→ **WHAT THE TASK REQUIRES**:
For this exercise, output the entries below exactly from the line that holds "This Low Mid" to the line that holds "Floor plan for", both ends included. No pictures belong in the copy.

→ **SUPPLIED MATERIAL**:
*** Block opens ***

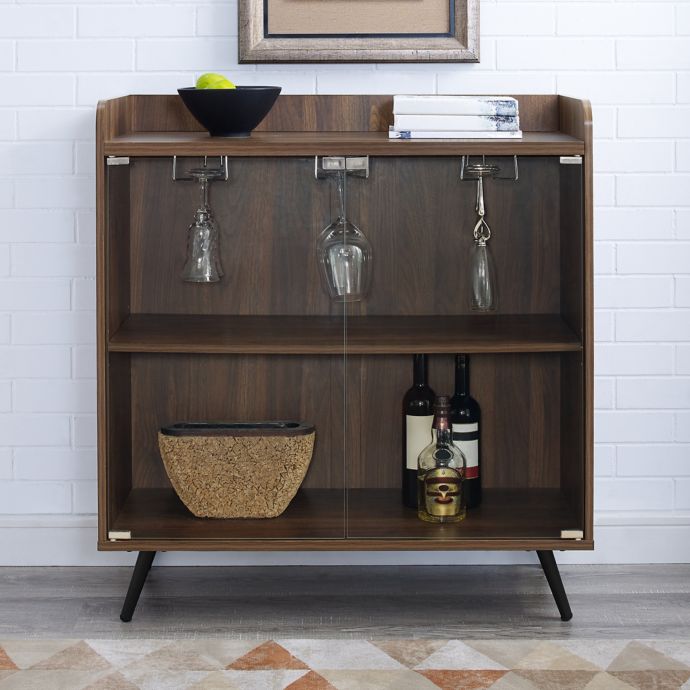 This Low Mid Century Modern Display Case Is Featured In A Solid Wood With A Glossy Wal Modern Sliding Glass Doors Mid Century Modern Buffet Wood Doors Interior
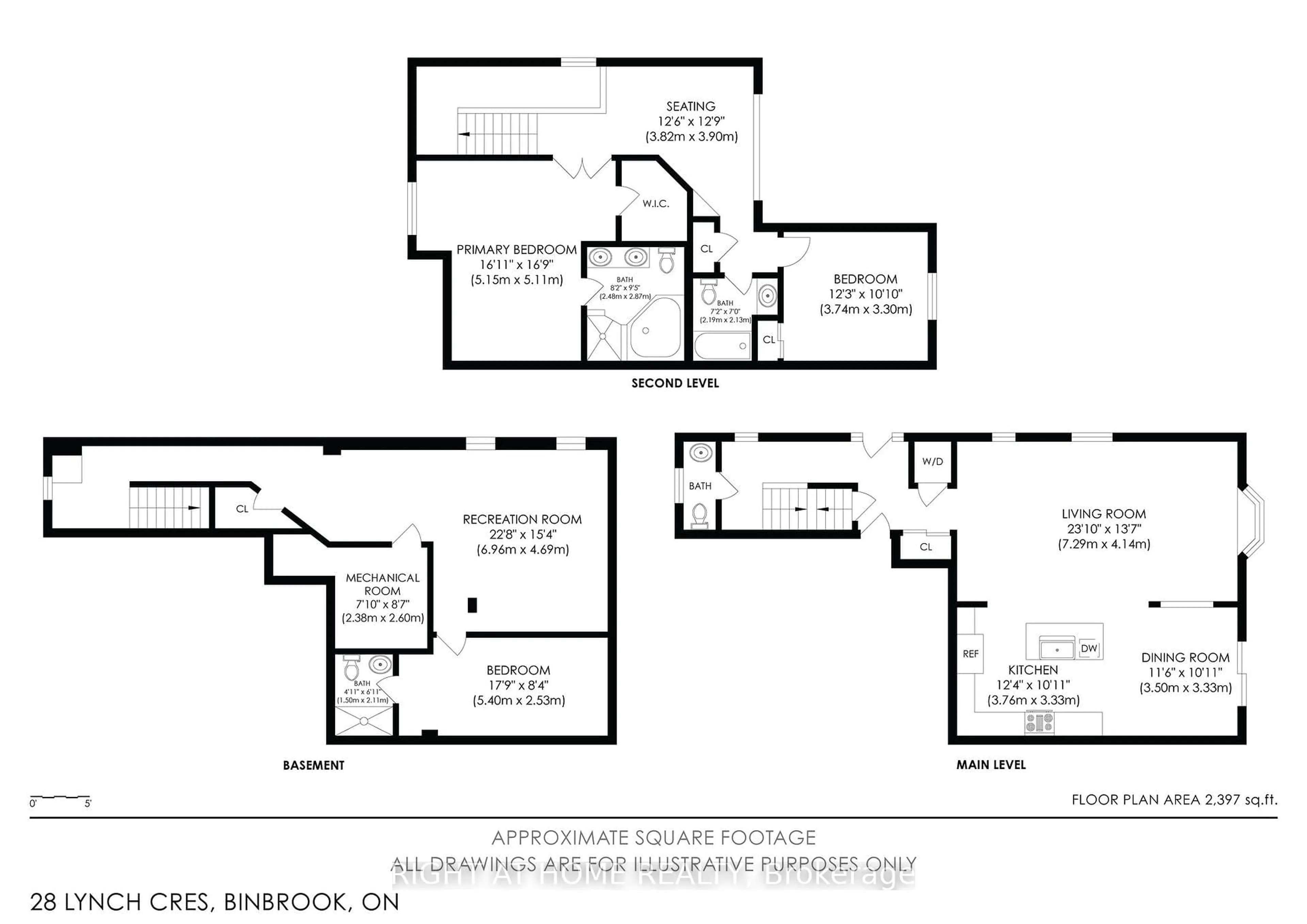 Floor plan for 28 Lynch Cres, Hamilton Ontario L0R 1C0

*** Block closes ***
*** Block opens ***

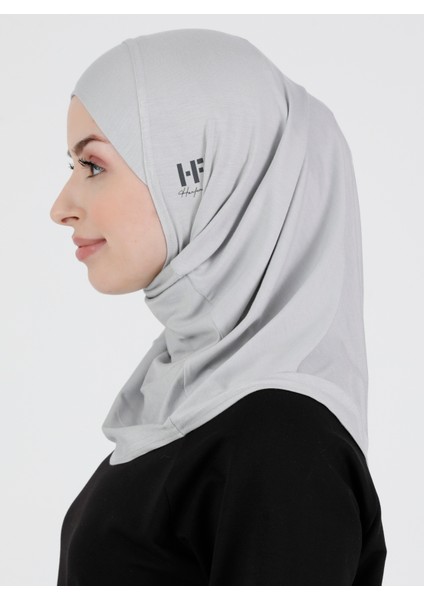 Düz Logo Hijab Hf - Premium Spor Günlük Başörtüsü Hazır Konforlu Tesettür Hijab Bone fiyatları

*** Block closes ***
*** Block opens ***

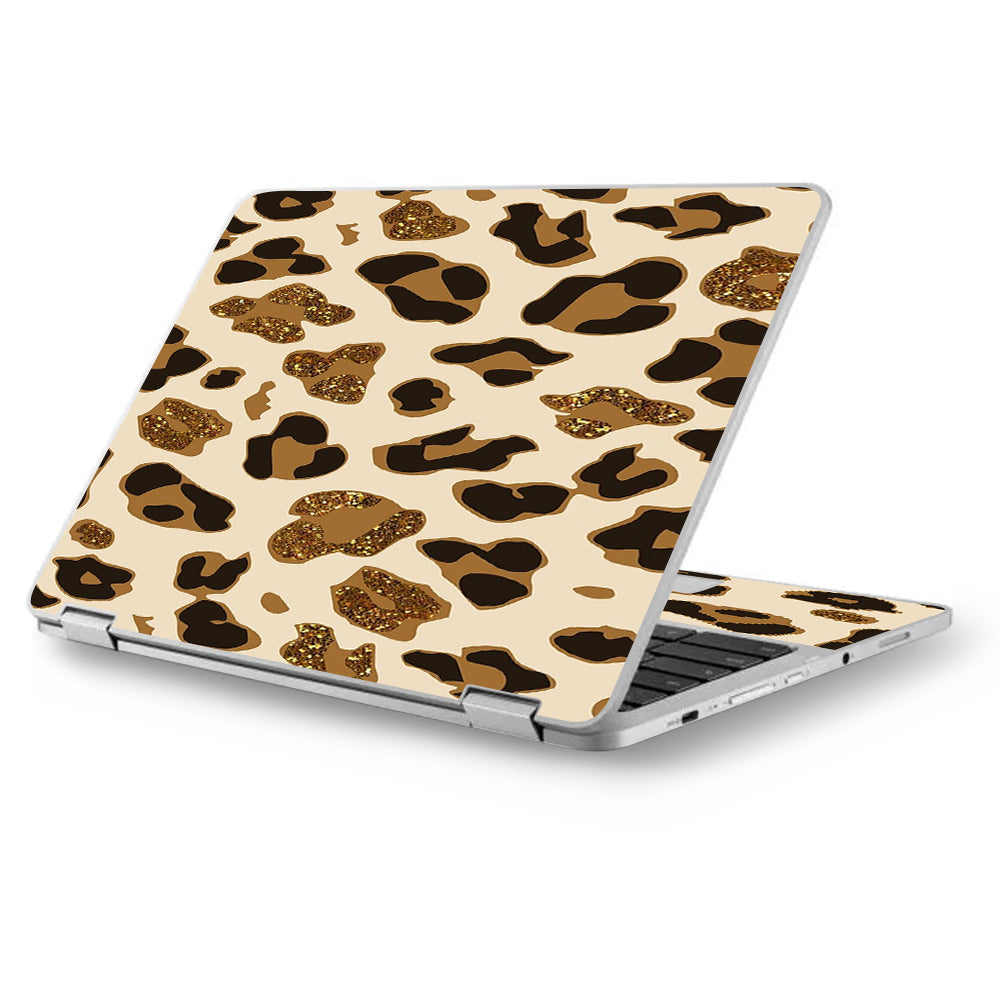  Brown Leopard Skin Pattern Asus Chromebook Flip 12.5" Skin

*** Block closes ***

→ **THE ANSWER**:
 This Low Mid Century Modern Display Case Is Featured In A Solid Wood With A Glossy Wal Modern Sliding Glass Doors Mid Century Modern Buffet Wood Doors Interior
 Floor plan for 28 Lynch Cres, Hamilton Ontario L0R 1C0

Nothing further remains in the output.